The 13 additional communities bring the total municipalities subject to the tax to 59.

“Homes shouldn’t be left empty and they shouldn’t be used as investments by speculators,” Finance Minister Katrine Conroy said at a news conference. “Homes should be used by people so they can live where they work and their children go to school.”

The speculation and vacancy tax will apply to the following municipalities next year: 

• Vernon

• Coldstream

• Penticton

• Summerland

• Lake Country

• Peachland

• Courtenay

• Comox

• Cumberland

• Parksville

• Qualicum Beach

• Kamloops

• Salmon Arm

Conroy said the communities were chosen based on a variety of factors, including vacancy rates, housing prices, population, and the percentage of homeowners who don’t live in the municipality.

Of the municipalities newly added to the list, she said Lake Country had the highest rate of vacant homes.

“Something is wrong when speculators are buying up investment properties and leaving them empty while many young families are living in RVs in communities nearby,” Housing Minister Ravi Kahlon said at the news conference.

“The speculators are making money off of driving up the value of property when instead they should be housing for people.”

The province says it has collected $313 million from the speculation and vacancy tax since 2018, which has been used to fund affordable housing in the municipalities the tax applies to.

And according to a 2022 review, the tax resulted in 20,000 homes becoming available in Metro Vancouver.

Resort municipalities such as Whistler, Tofino and Osoyoos remain exempt from the speculation and vacancy tax, and Conroy said there are currently no plans to include them. She said the government is considering adding the tax to some smaller communities, citing the Gulf Islands as an example, but not yet. Property owners in the 13 new communities will be required to declare for the first time in January 2025, based on how they used their property in 2024.

Conroy said the province is giving homeowners just over a year to decide what to do. Using those who have a second summer home as an example, she said they can rent out the property for at least six months out of the year, rent full time, sell the home, or simply pay the tax.

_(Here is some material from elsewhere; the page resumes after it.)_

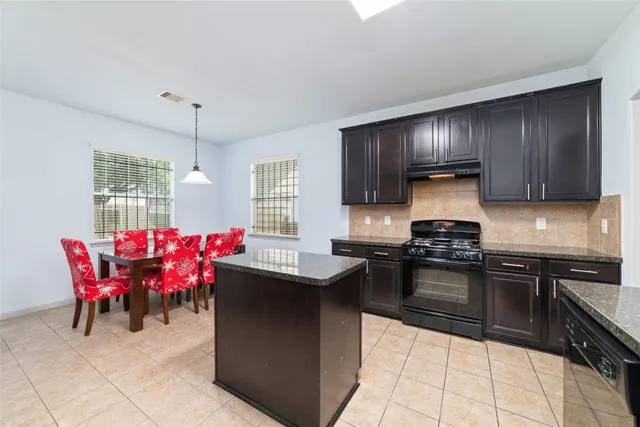 a kitchen with a stove a sink dishwasher and a refrigerator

Exemptions to the tax include primary residences, properties with a long-term tenant and “life events” like divorce. Summer cabins that are uninhabitable in the winter could also get an exemption, Conroy added.

She said that 99 per cent of British Columbians are exempt from the tax.

The tax rate is two per cent of a property’s assessed value for foreign owners and “satellite families,” and 0.5 per cent for Canadian citizens or permanent residents.